Cranberries For Gut Health

Cranberries have some amazing benefits. These bright red and tart berries are a wonderful source of polyphenols called proanthocyanidins, that provide many health benefits including anti-inflammatory benefits and anti-bacterial benefits. Research has found that these PACs can inhibit bacterial adhesion to tissue, impair their motility, and inhibit biofilm formation. Biofilm are colonies of bacteria that are hiding under a protective layer made of polysaccharides and therefore can persist even after antibiotic or antimicrobial treatment. Plus, these polyphenols help encourage the growth of specific good bacteria that are essential to a thriving gut microbiome.

Cranberry juice can be used to prevent UTI’s and ulcers. How does it help? Cranberries have been found to inhibit E. coli from attaching itself to the urinary tract lining thereby inhibiting E. Coli biofilm formation. Similarly, cranberry juice was found to have the same inhibitory effect against H. Pylori, a common culprit to stomach inflammation and ulcer formation. How much juice do you need to drink? Most studies have used two cups daily for at least a month if not 2-3 months. Note that you should be drinking pure cranberry juice, not cranberry cocktail juice which is loaded with added sugar!
 
Cranberries encourage the growth of good gut bacteria. Cranberry polyphenols have been shown to increase the growth of Akkermansia muciniphila, a bacteria that is commonly found the in human gut, feeding off of the mucus on our gut lining. Research also suggests that A. muciniphila is inversely associated with obesity, diabetes, and metabolic disorders, likely due to its anti-inflammatory role in the gut. Unfortunately, low levels are associated with a sick gut microbiome and increased inflammation. How do cranberries stimulate A. muciniphila? It seems that PACs help stimulate mucus production and therefore is likely one of the mechanisms why cranberries help encourage Akkermansia to thrive . Furthermore, cranberries seem to reduce the negative microbiome changes that are seen when humans eat a diet high in animal protein and animal fat, which is consequentially low in fiber.
 
Cranberries support metabolic health. Since cranberries help inhibit the growth of inflammatory gram-negative bacteria, and help support the growth of anti-inflammatory bacteria, it comes to no surprise that they may help improve insulin sensitivity in non-diabetic obese humans thereby supporting weight loss efforts. 

Choose organically grown, as conventional berries are high in pesticides. Secondly, choosing raw is ideal. While good for the holiday table, canned sauce is not going to provide the same benefits. Moreover, if you are really looking to improve your gut health, consistency is key. Consider adding fresh or frozen cranberries to your smoothies, salads, yogurts, etc. and combine them with a whole food, low-sugar diet!

It's easy to make homemade dried cranberries, with or without sugar, in your oven! Here’s how:

  • 12 oz cranberries (fresh, or frozen and thawed)

  • 1/2 cup powdered monk fruit *a low glycemic sweetener

  • 1 tbsp avocado oil

  • water

Preheat the oven to 225 degrees F . Line a baking sheet with parchment paper.

  1. Bring a pot of water to a gentle boil. Remove from heat and add cranberries (do not boil them). Set aside for 10 minutes. They will soften and start to pop.
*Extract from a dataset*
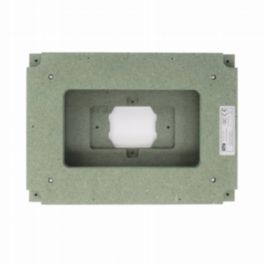 Savant Savant ITP-E8000V3 8" Touch Screen Flush Mount – Wall-Smart Solid Surface In-Wall Adapter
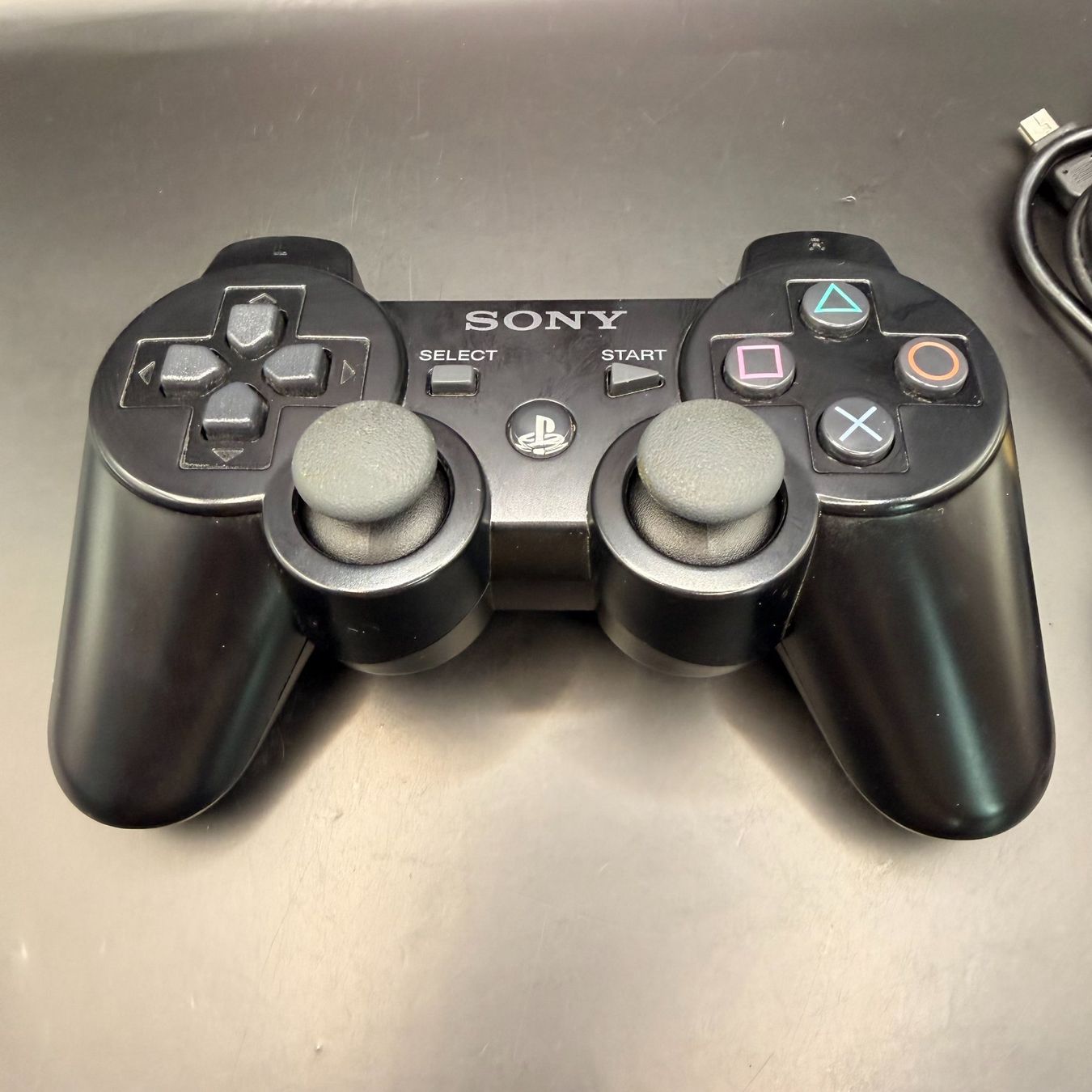 Sony Controller: Original Sony PS3 Controller Schwarz – Usato da Düdingen venduto da Nerdworld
  2. Drain the water from the cranberries as soon as they have popped. Transfer to a large bowl.

  3. Add powdered monk fruit and avocado oil to the cranberries. Gently toss to coat. Be gentle to avoid smashing the berries.

  4. Spread out the berries on the lined baking sheet. Use the tip of a knife or a toothpick to pop any berries that have not popped yet.
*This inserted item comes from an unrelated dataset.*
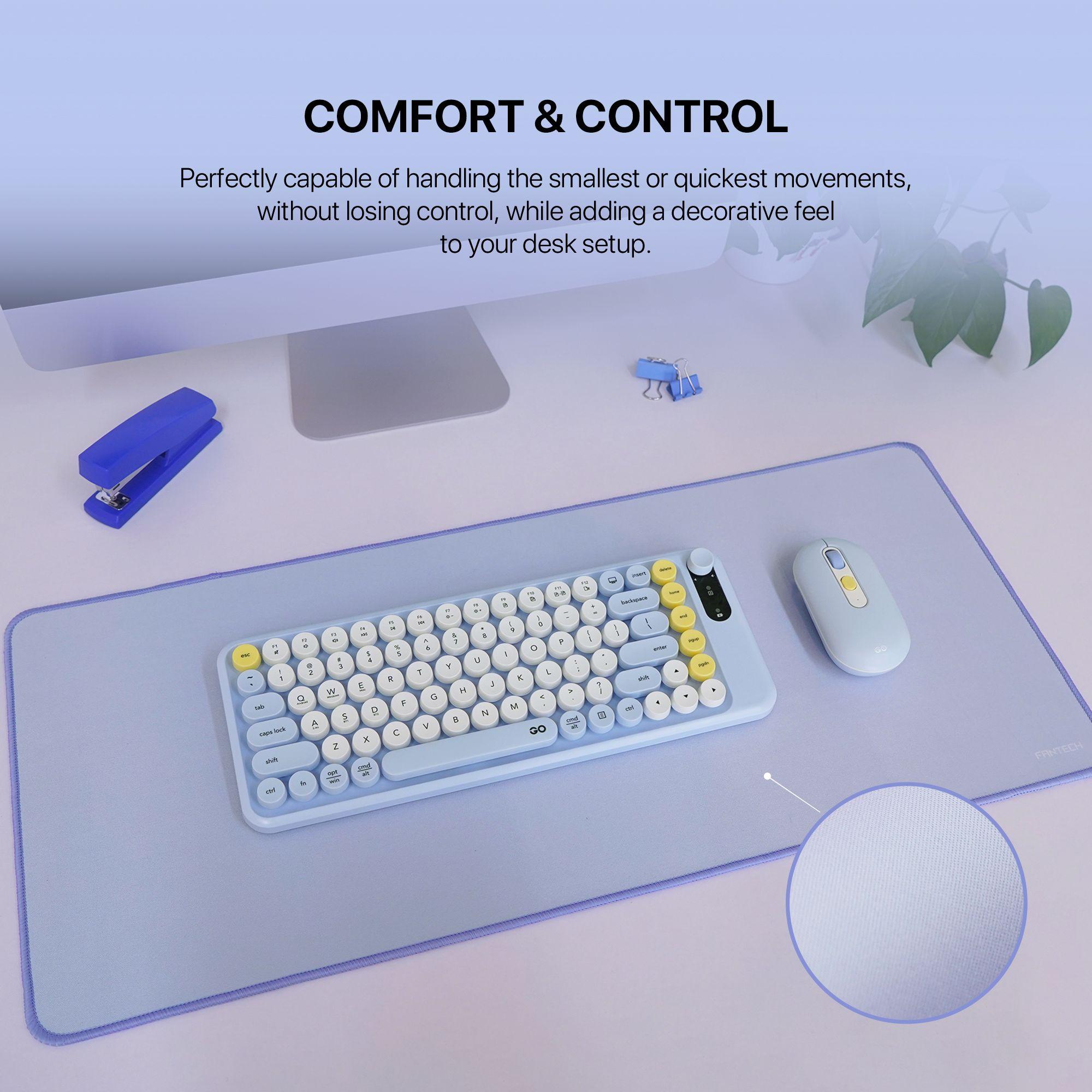 Mousepad Fantech MP70 BASIC XL Yellow-6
  5. Place the baking sheet into the oven for 3-4 hours, until the cranberries are shriveled and mostly dry.

  6. When done, they are ready to eat if you're in a hurry but will not be completely dry. For best results, turn off the oven and leave there with door propped open for several hours until completely cool and dry.

Store berries in the pantry, in an airtight container or glass jar, for up to 1 month. Can also be frozen. Pour them onto a cookie sheet in a single layer and place in your freezer for about 45 minutes, or until solid. Then, transfer to a freezer-safe container and store for up to 12-18 months.